Notas Principales

Navidad: una celebración que nació hace siglos y que hoy une tradiciones del mundo y de México

Cada diciembre, millones de personas en el mundo se reúnen para celebrar la Navidad, intercambiar regalos y compartir una cena en familia. Sin embargo, esta festividad, que hoy parece inseparable del calendario global, no siempre se celebró como la conocemos. Su origen se remonta a casi dos mil años atrás y es el resultado de una larga mezcla de creencias religiosas, tradiciones paganas y procesos culturales.

Una fecha que no siempre fue Navidad

Durante los primeros siglos del cristianismo, el nacimiento de Jesucristo no formaba parte de las celebraciones oficiales. La atención estaba puesta en la Pascua. Fue hasta el siglo IV, en pleno Imperio Romano, cuando la Iglesia fijó el 25 de diciembre como la fecha para conmemorar la Natividad. El primer registro documentado data del año 336 después de Cristo.

La elección del día no fue casual. Coincidía con festividades romanas como las Saturnales y el nacimiento del Sol Invicto, celebraciones ligadas al solsticio de invierno. Con ello, la nueva festividad cristiana se superpuso a rituales ya arraigados, facilitando su aceptación y expansión.

El origen de los regalos

La costumbre de dar obsequios en Navidad tampoco es exclusiva del cristianismo. En la antigua Roma, durante las Saturnales, era habitual intercambiar regalos como símbolo de buenos deseos. Más tarde, la tradición cristiana la vinculó con los Reyes Magos, quienes ofrecieron presentes al niño Jesús.

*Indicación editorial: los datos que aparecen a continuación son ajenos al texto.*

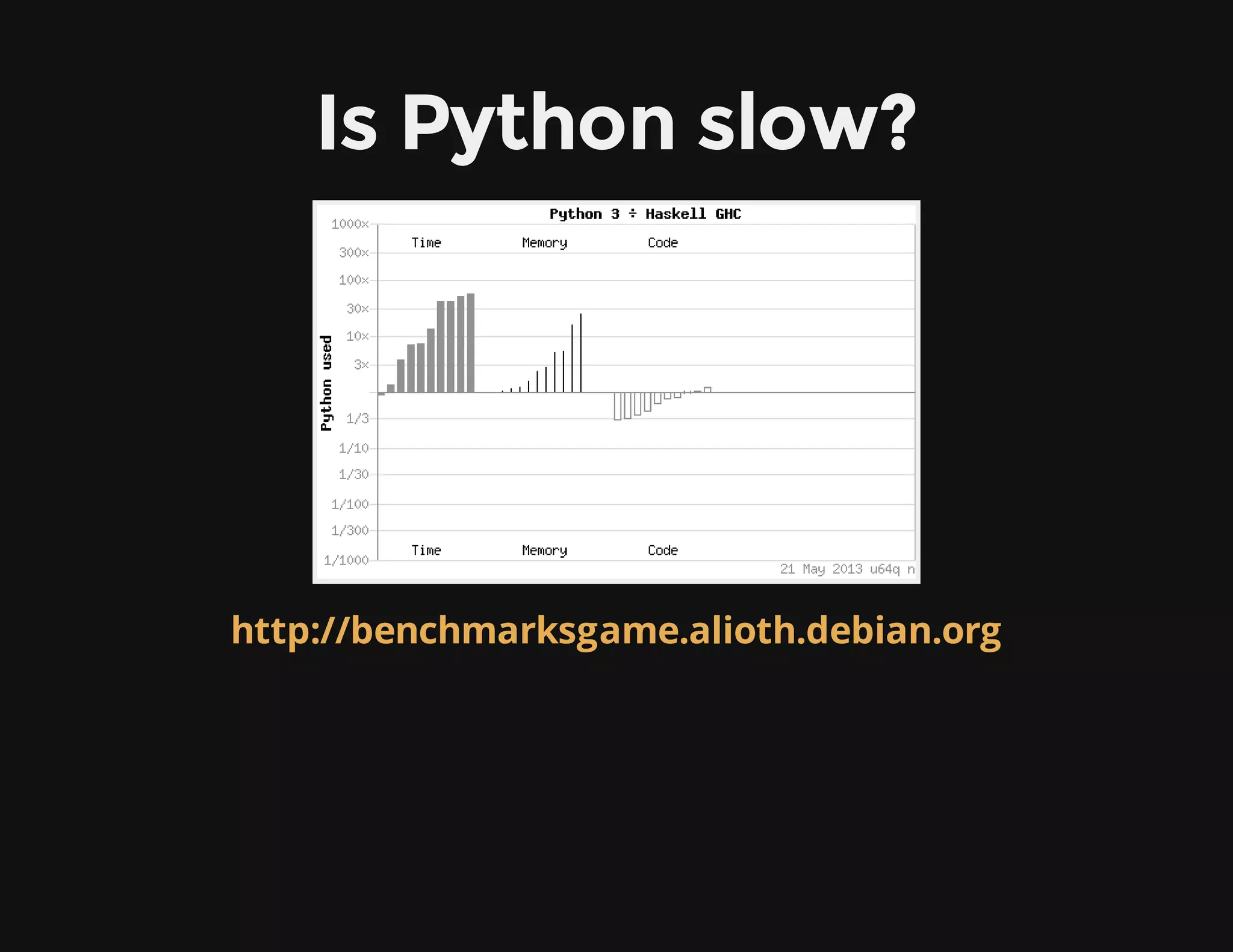 Is Python slow?
http://benchmarksgame.alioth.debian.org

Durante siglos, en Europa los regalos se entregaban principalmente el 6 de enero, día de la Epifanía. No fue sino hasta los siglos XVIII y XIX cuando el intercambio comenzó a trasladarse al 24 y 25 de diciembre, impulsado por la figura de San Nicolás y, posteriormente, por la imagen moderna de Santa Claus. La industrialización y el auge de las ciudades terminaron por consolidar esta práctica.

México y una Navidad con identidad propia

En México, la Navidad llegó con la conquista española en el siglo XVI. Los misioneros incorporaron la festividad como parte del proceso de evangelización, adaptándola a las tradiciones locales. Así surgieron celebraciones únicas como las posadas, que se realizan del 16 al 24 de diciembre y recrean el peregrinar de José y María.

Las primeras posadas se celebraron formalmente en 1587, en el convento de Acolman, Estado de México. Desde entonces, se convirtieron en uno de los símbolos más representativos de la Navidad mexicana.

A diferencia de otros países, en México los regalos estuvieron tradicionalmente asociados al Día de Reyes, el 6 de enero, fecha que se reserva principalmente para las poblaciones de la región centro sur del país. Fue hasta el siglo XX cuando, por influencia cultural extranjera, comenzó a popularizarse la entrega de obsequios en Nochebuena, con la llegada de Santa Claus con su trineo y renos, siendo una práctica que hoy convive con la tradición original. En el caso del norte de México, los estados como Chihuahua celebran la navidad la noche del 24 de diciembre denominada “noche buena” fecha en que en familia se disfrutan platillos como pavo, pierna de cerdo, tamales, champurrado, atole. Aunque en últimas fechas las familias prefieren salir a celebrar a algún restaurante o bar para celebrar, perdiéndose en alguna ocasiones el sentido de la celebración cristiana que se centra en el nacimiento del redentor, Dios mismo hecho hombre.

La Navidad se celebra el 25 de diciembre y es donde niños y no tan niños salen a las calles y disfrutan de los obsequios recibidos durante la noche del 24. Las familias se reúnen para el recalentado de la noche anterior, sin embargo muchas familias acuden a templos cristianos a celebrar la misa conmemorativa a tan gran acontecimiento.

Una celebración global con raíces profundas

Hoy, la Navidad es una de las celebraciones más extendidas del mundo. En México, conserva un fuerte sentido religioso y comunitario, mientras que a nivel global combina fe, comercio y cultura popular. Detrás de las luces, los regalos y las reuniones familiares, permanece una historia de siglos que explica por qué, cada diciembre, el mundo vuelve a detenerse para celebrar.